Performance comparison of various DNNs
Upon analyzing the results obtained from various DNN models applied to classify the TrashBox dataset, it is evident from Tables 3 and 4 that ResNeXt-101 and ResNeXt-50 consistently outperform other models in terms of accuracy across training, validation, and test datasets. ResNeXt-101 achieves the highest test accuracy of 89.62\(\%\) and the highest test F1 score of 89.66\(\%\), indicating its superior performance in classifying the dataset. ResNeXt-50 also exhibits strong performance with a test accuracy of 88.68\(\%\) and a test F1 score of 87.01\(\%\).
ShuffleNetV2, despite demonstrating lower training accuracy compared to ResNeXt models, surprisingly shows comparable validation and test accuracies, suggesting potential overfitting in the ResNeXt models. However, its test F1 score of 83.11\(\%\) indicates slightly lower performance in capturing dataset nuances compared to ResNeXt models. Among ResNet models, ResNet-34 shows decent performance with a test accuracy of 87.07\(\%\) and a test F1 score of 86.86\(\%\), while ResNet-50 and ResNet-101 perform slightly lower, albeit still commendable.
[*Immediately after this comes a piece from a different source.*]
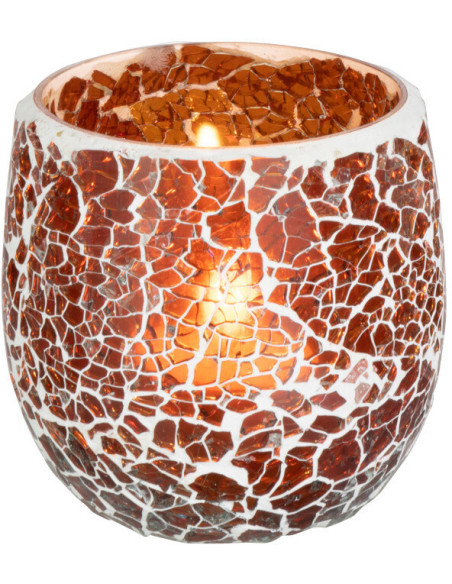 Photophore Rond Ali Diamètre 9 cm en Verre Marron Motif mosaïque - 2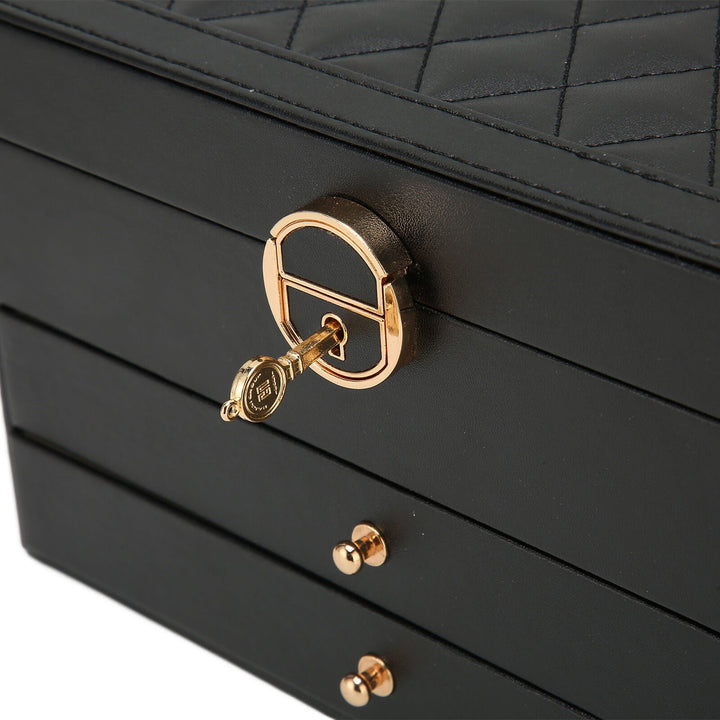 Lockable Leather Jewelry Box with Multi-Layer Storage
MobileNetV2 and MobileNetV3-Large display relatively good performance, although their test accuracies and F1 scores fall short of ResNeXt and ResNet models. MobileNetV3-Small exhibits the lowest performance among MobileNet models, suggesting potential underfitting due to its lower complexity. GoogLeNet achieves competitive performance with a test accuracy of 86.18\(\%\) and a test F1 score of 85.71\(\%\), positioning it among the top-performing models, although slightly below ResNeXt models.
From Tables 3 and 4 ResNeXt-101 emerges as the superior model due to its consistently high accuracy and F1 score across all datasets. ResNeXt-50 also performs well, albeit slightly lower than ResNeXt-101. ShuffleNetV2 shows promise despite its lower complexity. This shows the potential applicability of ShuffleNetV2 in an embedded system or mobile-based platform. The most crucial aspect to consider in this study is the balance between model complexity and performance. The contrast between ResNeXt and MobileNet models can be observed to see that models with higher complexity often leads to better results but requires more computational resources and vice-versa.
The training and validation accuracy curves for ResNeXt-101, as displayed in Fig. 3, provide key information about its learning process and ability to perform well on new data. The model achieves a training accuracy of 97.86% and a validation accuracy of 97.15%. These high values indicate that ResNeXt-101 learns effectively from the training data and can generalize well to unseen examples. In simpler terms, the model effectively captures the underlying patterns within the data without memorizing specific details, reducing the risk of overfitting.
The training loss and validation loss curves for ResNeXt-101 can be seen in Fig. 4. The figures gives us some insight into its training dynamics and generalization capacity to unseen data. Throughout the training process, both training and validation loss curves stabilize at approximately 0.1, indicating the model’s convergence to a consistent performance level. This stabilization suggests that the model has grasped the underlying data patterns effectively and has reached a point where further training yields marginal improvements. A noteworthy observation is the consistent trend of the training loss curve dipping below the validation loss curve post the 5th epoch, persisting throughout the training duration. While this hints at potential overfitting to the training data, the narrow gap between the two curves suggests minimal overfitting.
The provided confusion matrix in Fig. 5 offers a detailed breakdown of a ResNeXt-101 classification model’s performance across seven distinct waste classes: cardboard, e-waste, glass, medical, metal, paper, and plastic. Each row represents the actual class labels, while each column signifies the predicted class labels. The numerical values within the matrix indicate the count of instances classified into each respective class. For example, when examining the row corresponding to cardboard (Class0), it reveals that the majority of cardboard instances (227) were accurately classified as Class0. However, there are some misclassifications, such as a small number of instances being erroneously labeled as glass (2), medical (1), metal (2), paper (7), and no instances being misclassified as plastic. By scrutinizing other rows, we can assess the accuracy and misclassification rates for each waste class. For instance, e-waste (Class1) demonstrates high accuracy with minimal misclassifications in other classes. Conversely, glass (Class2) exhibits relatively favorable performance with limited misclassifications.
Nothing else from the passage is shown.